February 12, 2013 / David Fitch

“Hugging the Cactus” As Gateway to the Gospel by Matt Tebbe

In keeping with the new format of www.missioalliance.org, we are adding a second post every week. This week’s “second post” is this one by Matt Tebbe, a former pastor at Life on the Vine and now pastor at River Valley in Mishawaka. Read about him here. Join in the conversation with Matt won’t you? My regular post is coming Wednesday afternoon this week.


Watch the video below from an awards show in October, 2011.

The demonstration of love here: first from Mel Gibson to Robert Downey Jr. (love that lays down a ‘life’ – i.e. reputation and status and cred – for a friend) and then from Downey to Gibson is remarkable. There is a curious phrase that Gibson and Downey use about dealing with our brokenness, one that I wasn’t familiar with until I watched this video: “hugging my cactus” – embracing the ugly parts of myself and my sin. I believe this practice of “hugging the cactus” enables the missional posture of love and proclamation – not only for Downey and Gibson, but for all who call on the name of the Lord Jesus Christ.

My suggestion – and what I believe the video illustrates – Without the practice of learning to hug our cactus (or “befriending our brokenness and putting it under a blessing” as Henri Nouwen writes in Life of the Beloved) we are unable to assume a posture necessary to sustain prophetic proclamation and mission in our post-christian culture.
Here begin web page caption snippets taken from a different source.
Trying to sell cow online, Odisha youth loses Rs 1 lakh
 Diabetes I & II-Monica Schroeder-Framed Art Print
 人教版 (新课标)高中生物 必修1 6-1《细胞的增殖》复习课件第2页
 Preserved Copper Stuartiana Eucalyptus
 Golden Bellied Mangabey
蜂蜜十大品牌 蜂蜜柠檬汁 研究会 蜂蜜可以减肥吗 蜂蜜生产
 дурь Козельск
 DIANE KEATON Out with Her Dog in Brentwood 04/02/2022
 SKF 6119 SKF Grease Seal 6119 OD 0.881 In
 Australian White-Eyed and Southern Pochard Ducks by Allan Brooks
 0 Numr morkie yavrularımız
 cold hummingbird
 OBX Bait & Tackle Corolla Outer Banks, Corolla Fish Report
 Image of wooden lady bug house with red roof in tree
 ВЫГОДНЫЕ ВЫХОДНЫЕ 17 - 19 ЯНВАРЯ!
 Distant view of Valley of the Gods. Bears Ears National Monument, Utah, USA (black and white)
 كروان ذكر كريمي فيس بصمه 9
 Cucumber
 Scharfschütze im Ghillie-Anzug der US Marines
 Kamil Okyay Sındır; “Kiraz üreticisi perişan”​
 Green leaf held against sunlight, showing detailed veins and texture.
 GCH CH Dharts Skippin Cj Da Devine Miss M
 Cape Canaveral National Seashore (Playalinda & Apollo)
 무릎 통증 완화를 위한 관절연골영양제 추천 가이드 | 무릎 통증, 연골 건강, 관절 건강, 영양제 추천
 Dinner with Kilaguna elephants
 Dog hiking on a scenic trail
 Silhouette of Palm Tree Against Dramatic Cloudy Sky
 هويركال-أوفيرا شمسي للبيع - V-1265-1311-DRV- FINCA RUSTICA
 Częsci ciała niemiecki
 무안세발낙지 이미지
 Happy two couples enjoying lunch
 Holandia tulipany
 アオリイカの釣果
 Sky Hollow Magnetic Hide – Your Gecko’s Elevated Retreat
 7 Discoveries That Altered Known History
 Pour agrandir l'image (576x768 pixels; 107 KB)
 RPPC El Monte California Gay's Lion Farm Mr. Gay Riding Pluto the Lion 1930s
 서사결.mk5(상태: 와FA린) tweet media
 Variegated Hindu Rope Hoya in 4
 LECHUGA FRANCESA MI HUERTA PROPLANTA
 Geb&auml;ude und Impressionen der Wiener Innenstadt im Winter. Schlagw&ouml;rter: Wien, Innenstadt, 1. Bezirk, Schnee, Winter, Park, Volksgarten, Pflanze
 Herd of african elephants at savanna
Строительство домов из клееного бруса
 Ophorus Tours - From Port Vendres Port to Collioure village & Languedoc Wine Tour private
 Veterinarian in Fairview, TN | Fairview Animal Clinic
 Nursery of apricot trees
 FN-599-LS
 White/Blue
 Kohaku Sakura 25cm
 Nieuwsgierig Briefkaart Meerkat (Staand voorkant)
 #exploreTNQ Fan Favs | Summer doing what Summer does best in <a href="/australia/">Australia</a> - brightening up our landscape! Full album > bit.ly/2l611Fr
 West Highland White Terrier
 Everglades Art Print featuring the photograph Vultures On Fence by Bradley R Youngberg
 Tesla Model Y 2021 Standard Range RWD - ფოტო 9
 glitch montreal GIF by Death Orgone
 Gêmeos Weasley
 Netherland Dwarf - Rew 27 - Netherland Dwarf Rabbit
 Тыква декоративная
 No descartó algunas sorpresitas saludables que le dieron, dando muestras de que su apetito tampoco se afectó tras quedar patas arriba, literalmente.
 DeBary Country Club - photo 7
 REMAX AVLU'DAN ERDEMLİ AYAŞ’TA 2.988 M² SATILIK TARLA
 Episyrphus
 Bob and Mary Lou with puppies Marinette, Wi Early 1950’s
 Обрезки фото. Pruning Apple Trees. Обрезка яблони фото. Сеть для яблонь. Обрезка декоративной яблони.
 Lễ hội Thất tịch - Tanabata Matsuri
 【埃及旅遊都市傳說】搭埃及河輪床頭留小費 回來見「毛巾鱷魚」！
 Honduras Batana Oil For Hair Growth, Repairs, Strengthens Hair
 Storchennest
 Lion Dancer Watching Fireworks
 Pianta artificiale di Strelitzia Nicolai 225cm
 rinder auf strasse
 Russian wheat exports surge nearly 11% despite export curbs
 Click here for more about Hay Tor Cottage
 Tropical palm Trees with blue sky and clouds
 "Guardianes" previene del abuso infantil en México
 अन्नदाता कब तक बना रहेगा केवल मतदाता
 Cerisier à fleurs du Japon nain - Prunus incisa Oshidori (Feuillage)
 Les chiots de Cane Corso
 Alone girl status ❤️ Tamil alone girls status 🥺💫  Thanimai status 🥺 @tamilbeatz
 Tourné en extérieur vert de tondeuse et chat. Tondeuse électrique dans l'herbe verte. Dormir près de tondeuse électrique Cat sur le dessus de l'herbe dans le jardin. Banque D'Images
Let me say a bit about what I think this “hugging my cactus” isn’t. It isn’t condoning or being soft on sin. It’s not adopting a victim mentality that holds out my brokenness as someone else’s fault or as an excuse for my poor choices. Hugging my cactus isn’t doing penance – i.e. “this brokenness/sin I struggle with is just my thorn in the flesh, my cross to carry as I follow Jesus”. It’s not a form of asceticism, wherein I increase my holiness and fervency with God by feeling the pain of the cactus needles as though brokenness is the whole point of the Christian life. (thanks Seth Richardson for that insight). This is not what I mean when I use the phrase “hug my cactus” or “befriend my brokenness”.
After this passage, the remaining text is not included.